I knocked on Ghikas’s door and went straight in without waiting for an invitation. I found him standing with his back to the desk gazing out of the window into Alexandras Avenue. This was a sign that something was eating him, otherwise he never budges from his chair. As soon as he turned round, I stood on the brake and stayed where I was. I saw a man who was tired, his eyes red from lack of sleep, looking at me as if some great misfortune had befallen him.
‘I know what you’re going to say to me,’ he said, ‘but I had no idea.’ He sat down and fixed his eyes on the matching set with the scissors and paperknife on his desk. ‘I had no idea, Costas. Everything happened behind my back.’
In all the years we had worked together, I had seen him enraged, indifferent, fawning, cunning, secretive … This was the first time I had seen him an emotional wreck and all my anger dissolved. I put everything I had prepared to say to him in the pending tray and sat down in my usual chair without waiting for an invitation
. He slowly lifted his eyes and looked at me.
‘All these years I’ve been on the Force, I knew the political leadership at the Ministry had faith in me.
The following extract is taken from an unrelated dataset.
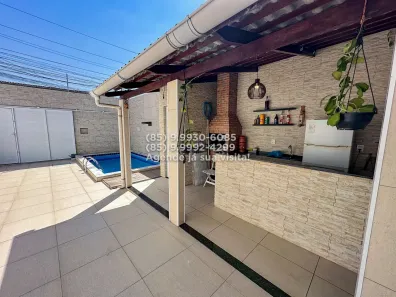 Casa com 3 Quartos à venda, 297m² no Bonsucesso, Fortaleza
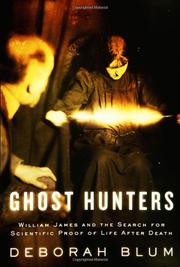 Cover art for GHOST HUNTERS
If anyone had told me anything to the contrary, I wouldn’t have believed him. And they didn’t only have faith in me because of my ability, but because I always played by the rules, I carried out my orders without question or any disagreement or pretending not to have heard them. Yesterday, for the first time, I felt I was being passed over. I realised that it’s not enough just to follow orders, I have to carry them out to the letter. Not in my own way, which because of my experience is the correct way, but exactly as they are dictated to me, even if what they ask of me is irrational and compromises me.’
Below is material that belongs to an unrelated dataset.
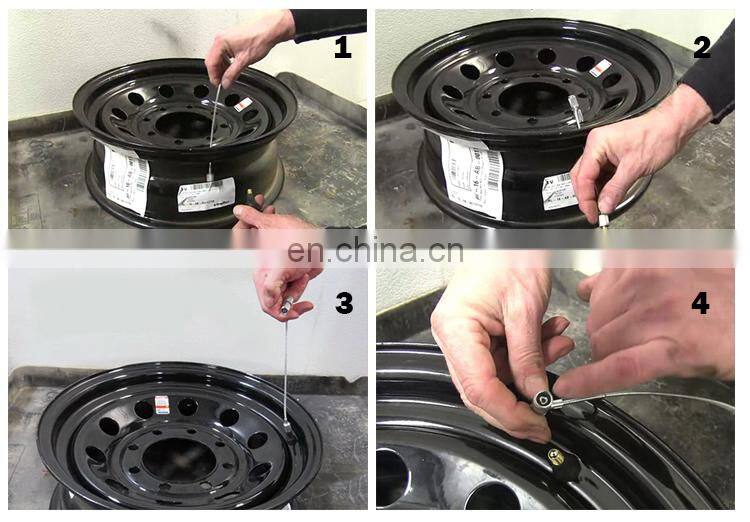 Valve Stem Puller Installer Tool Motorcycle Dirt Bike Tube Install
His voice sounded tired and weary, yet sincere. Perhaps because he wasn’t one of those people who easily open themselves to you.
‘I have another six years to go before I’m up for retirement,’ he went on. ‘And in those six years, I’m going to have to live with the doubt as to whether they’re telling me the truth or not every time. I’ll be constantly niggled by the thought that behind my back they’re issuing other orders that I won’t know about and that I’ll eventually have to deal with. I ask you, is that a way to live?’
It wasn’t easy for me to find any comforting words. Not just with Ghikas at that moment, but with Adriani and Katerina too. There are times when I pray that my sympathy shows on my face because the words stick in my throat and won’t come out. That’s how it was then. All I could say was something quite innocuous.
‘Didn’t you ask Yanoutsos for an explanation?’
‘Yes. Do you know what he replied? Orders from up above. Talk to the Secretary General.’
‘And did you?’
‘Yes, and he told me that it wasn’t his job to keep me informed and that those beneath me should have informed me earlier.’